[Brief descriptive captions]
*** Begin section ***
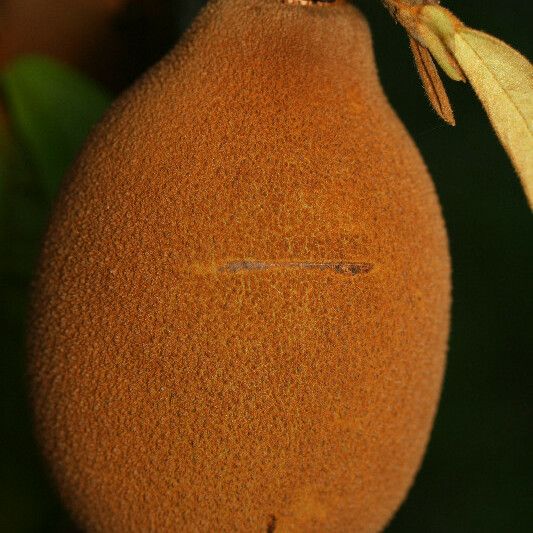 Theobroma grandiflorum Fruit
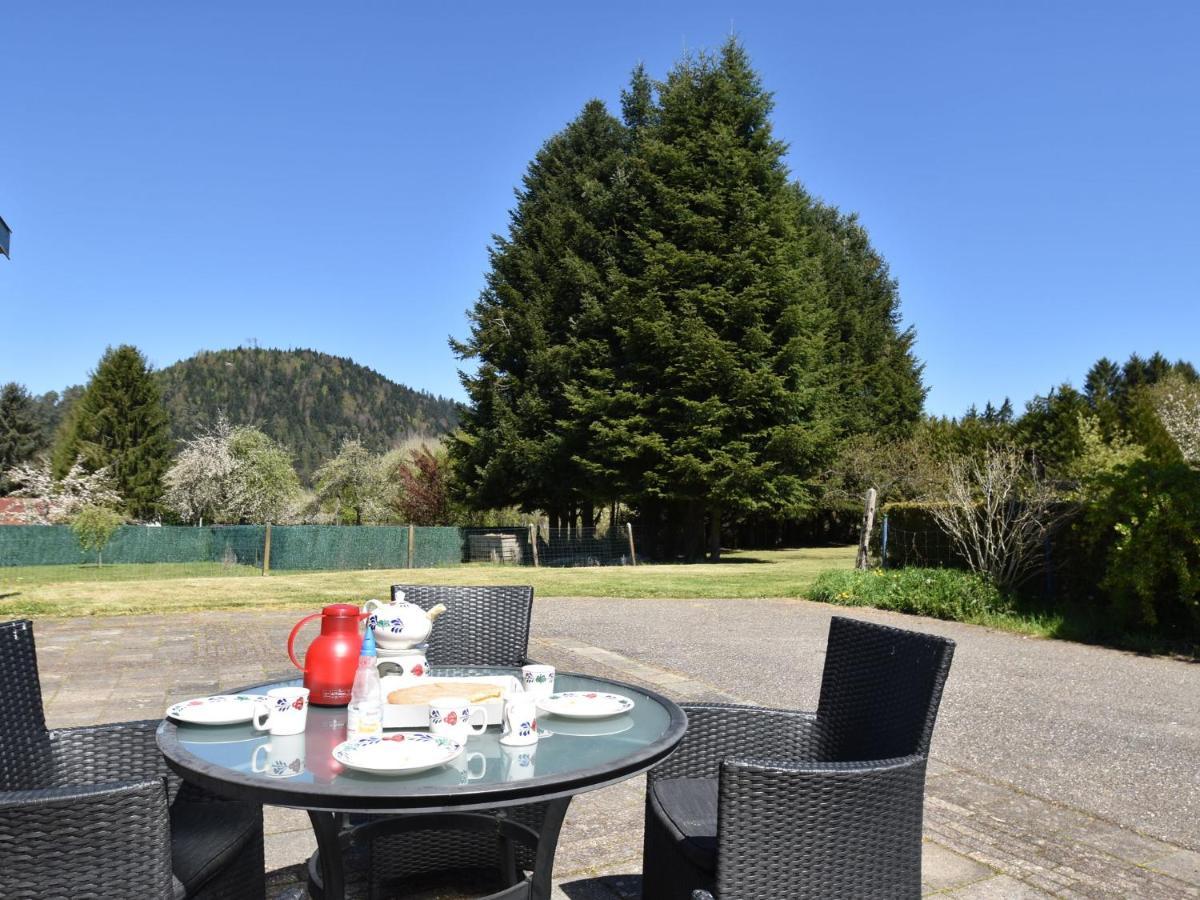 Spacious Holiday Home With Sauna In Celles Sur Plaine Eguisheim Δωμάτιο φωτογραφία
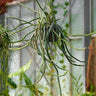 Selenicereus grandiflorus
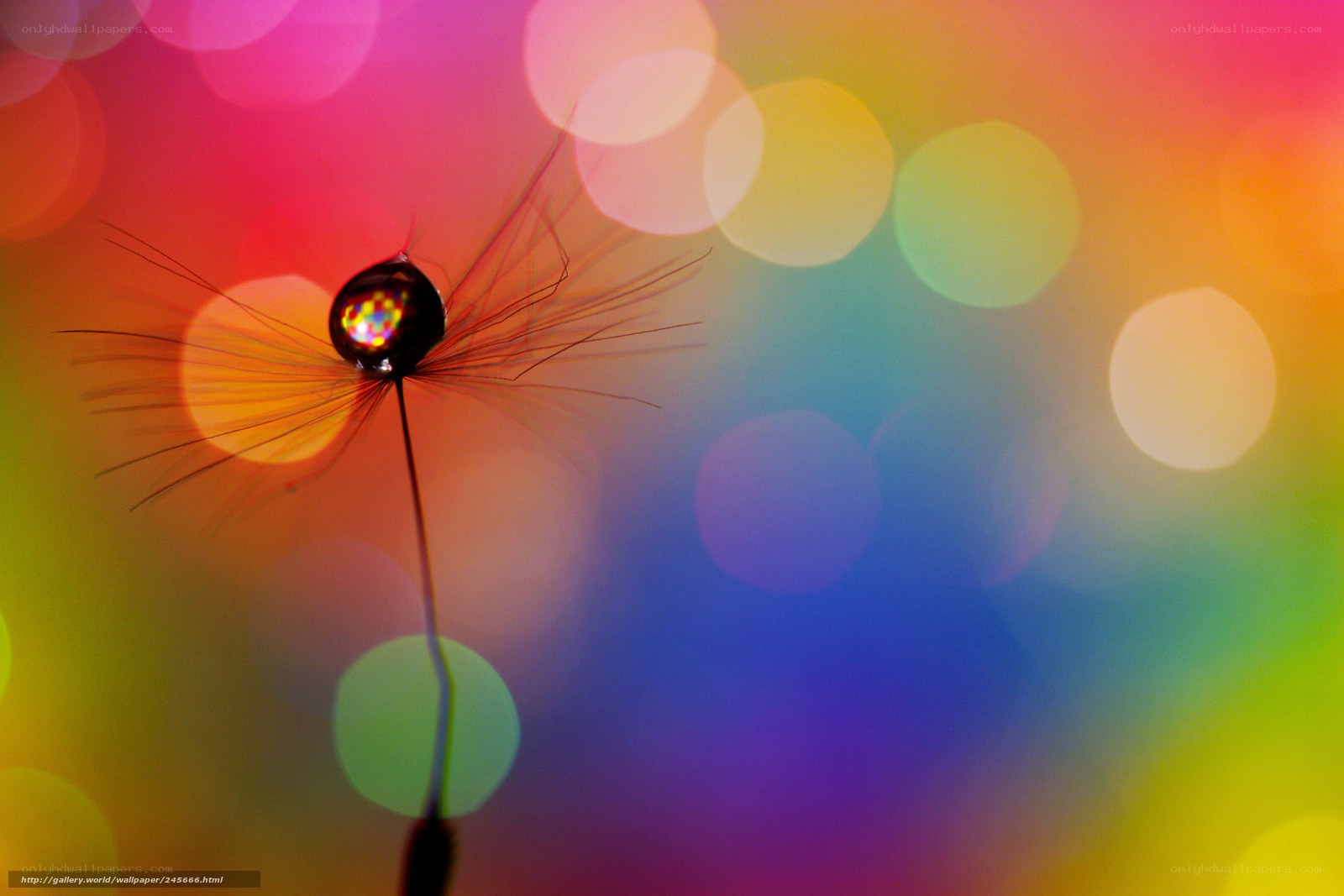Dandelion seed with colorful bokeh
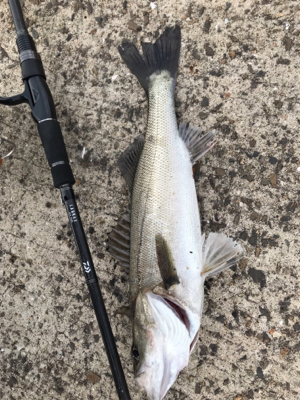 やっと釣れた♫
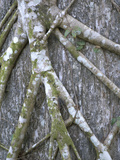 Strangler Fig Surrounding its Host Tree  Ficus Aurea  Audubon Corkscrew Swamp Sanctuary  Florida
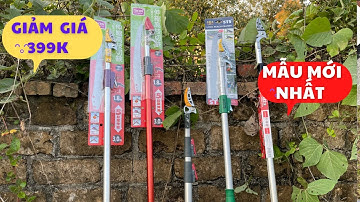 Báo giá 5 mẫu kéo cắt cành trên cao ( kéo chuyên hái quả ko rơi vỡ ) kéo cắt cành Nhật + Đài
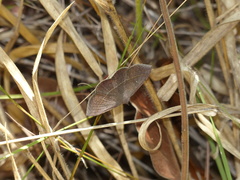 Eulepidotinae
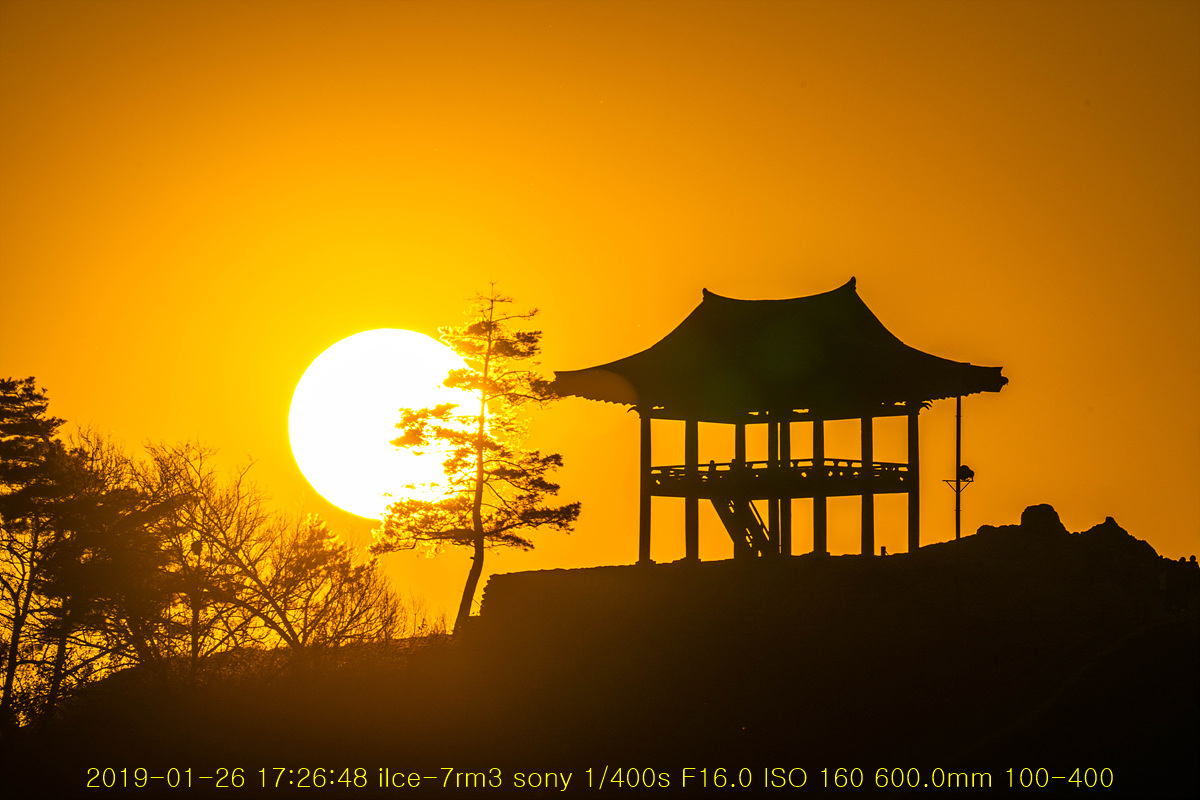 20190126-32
*** End section ***
Provide the lines again, unchanged, from where the data above begins through the line containing "Strangler Fig Surrounding", both ends included, omitting pictures and adding nothing.

▶ **Task answer**:
 Theobroma grandiflorum Fruit
 Spacious Holiday Home With Sauna In Celles Sur Plaine Eguisheim Δωμάτιο φωτογραφία
 Selenicereus grandiflorus
Dandelion seed with colorful bokeh
 やっと釣れた♫
 Strangler Fig Surrounding its Host Tree  Ficus Aurea  Audubon Corkscrew Swamp Sanctuary  Florida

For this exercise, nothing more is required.